● Exercise goal:
From the line containing "BOX USA Side" down to the final line of the entries below, restate each line word for word and add nothing.

(Given data Opens)

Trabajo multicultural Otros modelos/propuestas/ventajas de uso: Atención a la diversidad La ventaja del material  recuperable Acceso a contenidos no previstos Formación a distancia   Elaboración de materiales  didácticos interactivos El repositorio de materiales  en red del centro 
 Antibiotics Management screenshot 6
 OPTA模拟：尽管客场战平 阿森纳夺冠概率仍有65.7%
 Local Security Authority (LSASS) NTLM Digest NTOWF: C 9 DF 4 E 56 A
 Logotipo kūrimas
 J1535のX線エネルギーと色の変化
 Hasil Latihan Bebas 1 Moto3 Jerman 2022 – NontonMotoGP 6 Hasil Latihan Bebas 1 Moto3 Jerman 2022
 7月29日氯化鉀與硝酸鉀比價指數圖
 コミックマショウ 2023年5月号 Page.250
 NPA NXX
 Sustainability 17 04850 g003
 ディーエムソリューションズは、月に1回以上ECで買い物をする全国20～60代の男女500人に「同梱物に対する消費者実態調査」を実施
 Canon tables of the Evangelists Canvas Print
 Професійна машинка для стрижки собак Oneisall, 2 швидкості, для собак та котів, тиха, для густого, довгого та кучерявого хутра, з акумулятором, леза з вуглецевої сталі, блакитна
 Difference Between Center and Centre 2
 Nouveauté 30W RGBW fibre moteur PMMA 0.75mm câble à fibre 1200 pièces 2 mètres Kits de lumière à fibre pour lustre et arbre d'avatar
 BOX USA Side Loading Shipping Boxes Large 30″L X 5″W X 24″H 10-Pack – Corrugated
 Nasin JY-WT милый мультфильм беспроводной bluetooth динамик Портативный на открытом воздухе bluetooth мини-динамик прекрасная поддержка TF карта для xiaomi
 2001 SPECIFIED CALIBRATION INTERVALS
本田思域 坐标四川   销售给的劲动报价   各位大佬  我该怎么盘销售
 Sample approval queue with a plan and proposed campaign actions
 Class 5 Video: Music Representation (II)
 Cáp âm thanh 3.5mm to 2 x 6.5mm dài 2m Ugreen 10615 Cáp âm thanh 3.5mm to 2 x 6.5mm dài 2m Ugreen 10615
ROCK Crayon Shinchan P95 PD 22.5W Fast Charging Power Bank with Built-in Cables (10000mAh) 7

(Given data Closes)

● Output for this exercise:
 BOX USA Side Loading Shipping Boxes Large 30″L X 5″W X 24″H 10-Pack – Corrugated
 Nasin JY-WT милый мультфильм беспроводной bluetooth динамик Портативный на открытом воздухе bluetooth мини-динамик прекрасная поддержка TF карта для xiaomi
 2001 SPECIFIED CALIBRATION INTERVALS
本田思域 坐标四川   销售给的劲动报价   各位大佬  我该怎么盘销售
 Sample approval queue with a plan and proposed campaign actions
 Class 5 Video: Music Representation (II)
 Cáp âm thanh 3.5mm to 2 x 6.5mm dài 2m Ugreen 10615 Cáp âm thanh 3.5mm to 2 x 6.5mm dài 2m Ugreen 10615
ROCK Crayon Shinchan P95 PD 22.5W Fast Charging Power Bank with Built-in Cables (10000mAh) 7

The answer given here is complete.